[Assignment] Your task is to transcribe the lines from the start of the data below through the line containing "RCB VS GT DREAM", inclusive, exactly as they stand and without the pictures.

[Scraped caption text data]
——

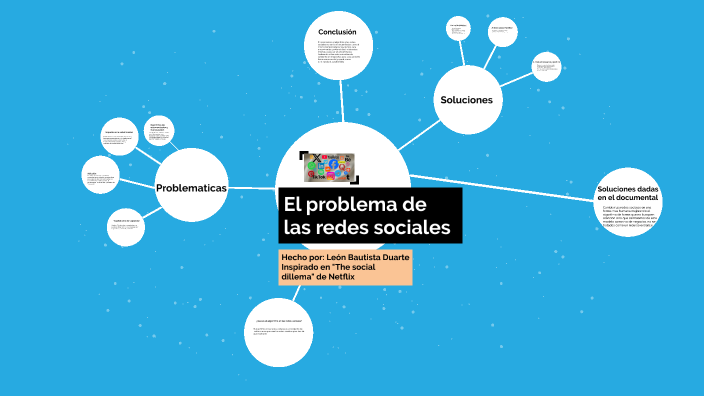 El problema de las redes sociales by leon duarte on Prezi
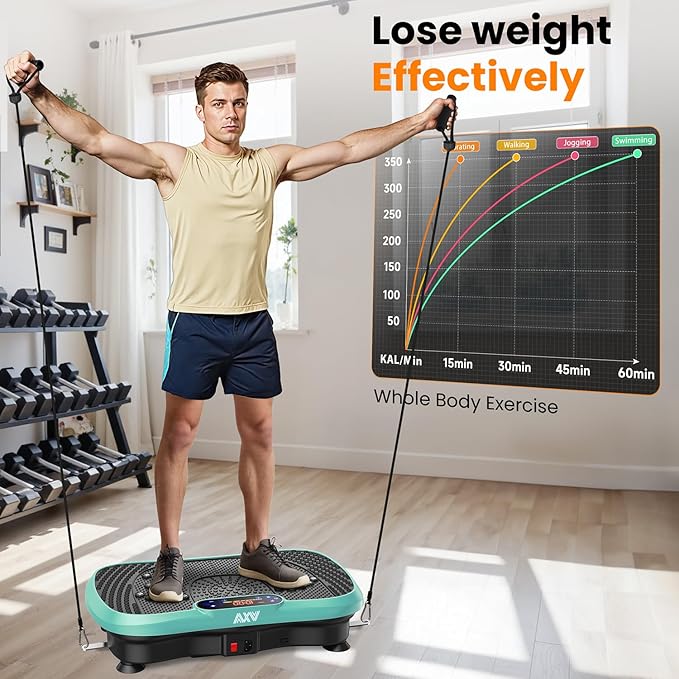 AXV Vibration Plate Fitness Platform Exercise Machine Vibrating Shaking Full Body Shaker Workout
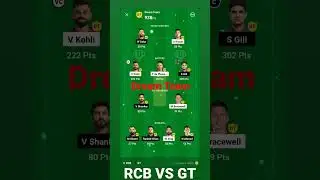 RCB VS GT DREAM TEAM #dream11 #dreamteam #ipl #kohli #myteam #fantasy #gujarat #rcb #gill #rcbvsgt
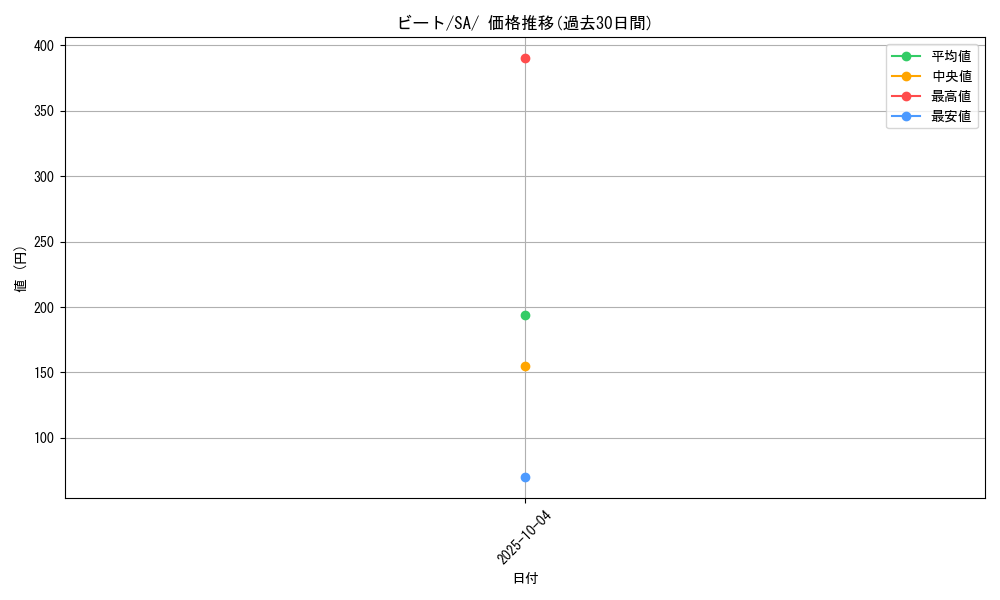 card_40287_series_61303_rarity_95225_graph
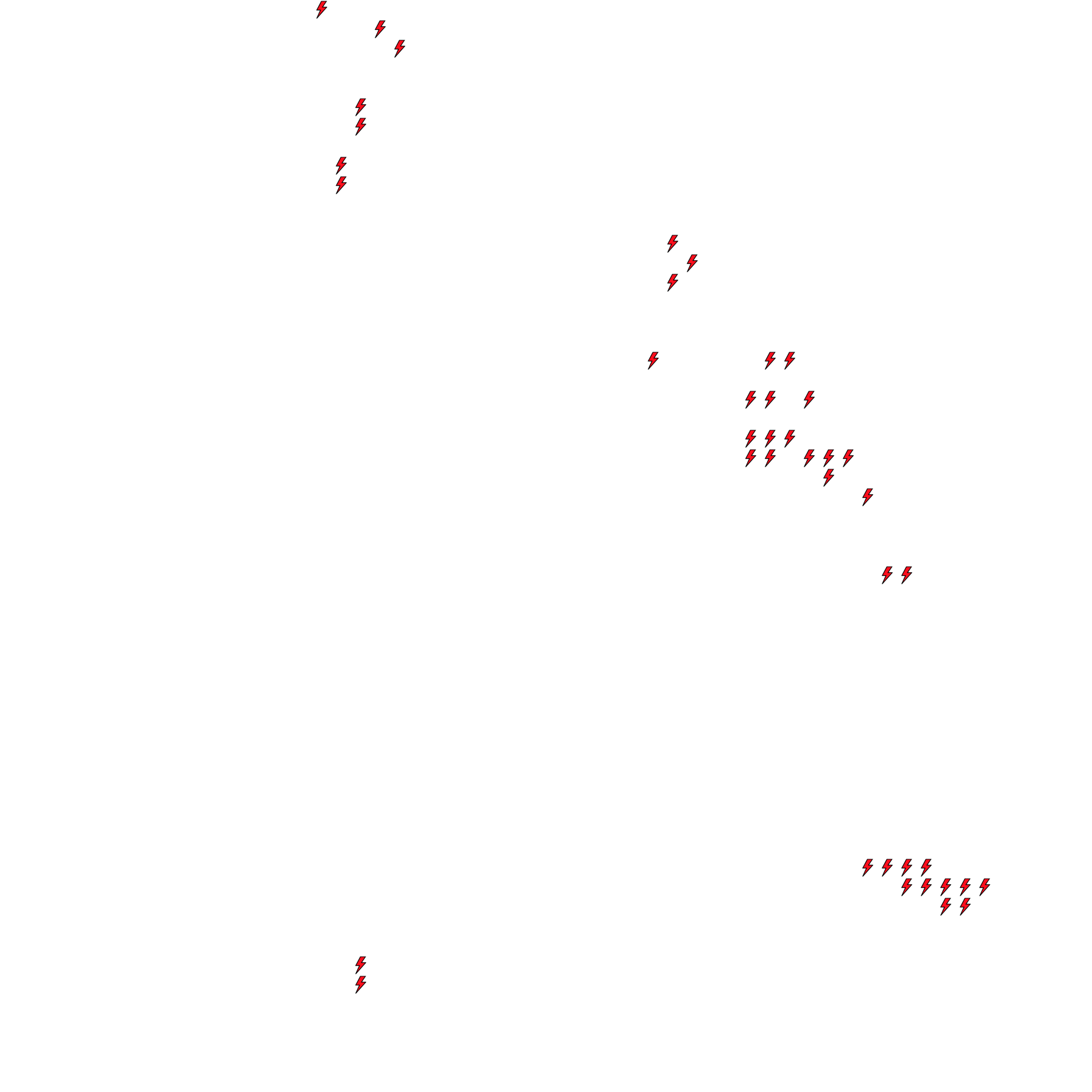 Lighthing Layer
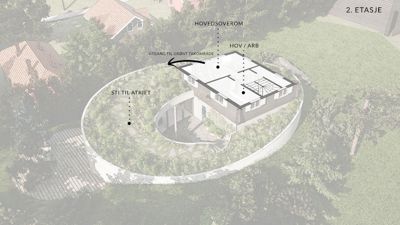 Etasjeplan for 2. etasje med romfordeling og tilgang til takområde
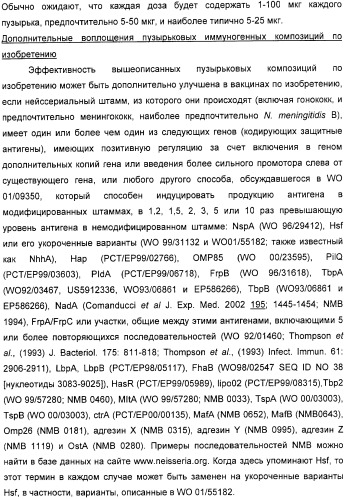 Вакцинные композиции, содержащие липополисахариды иммунотипа l2 и/или l3, происходящие из штамма neisseria meningitidis igtb- (патент 2364418)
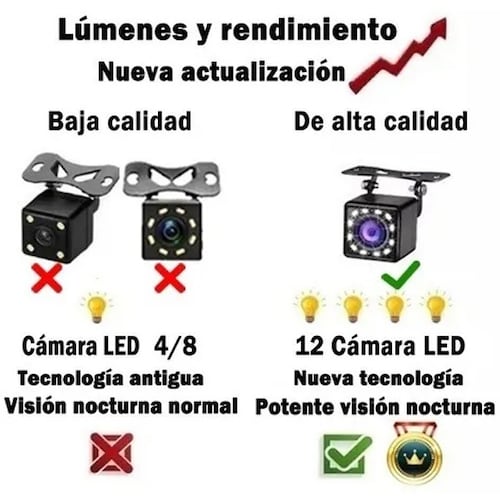 Estéreo Mirrorlink Pantalla Táctil 7 Pulgadas Hd Bluetooth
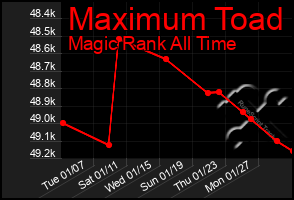 Total Graph of Maximum Toad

——

[Task response]
 El problema de las redes sociales by leon duarte on Prezi
 AXV Vibration Plate Fitness Platform Exercise Machine Vibrating Shaking Full Body Shaker Workout
 RCB VS GT DREAM TEAM #dream11 #dreamteam #ipl #kohli #myteam #fantasy #gujarat #rcb #gill #rcbvsgt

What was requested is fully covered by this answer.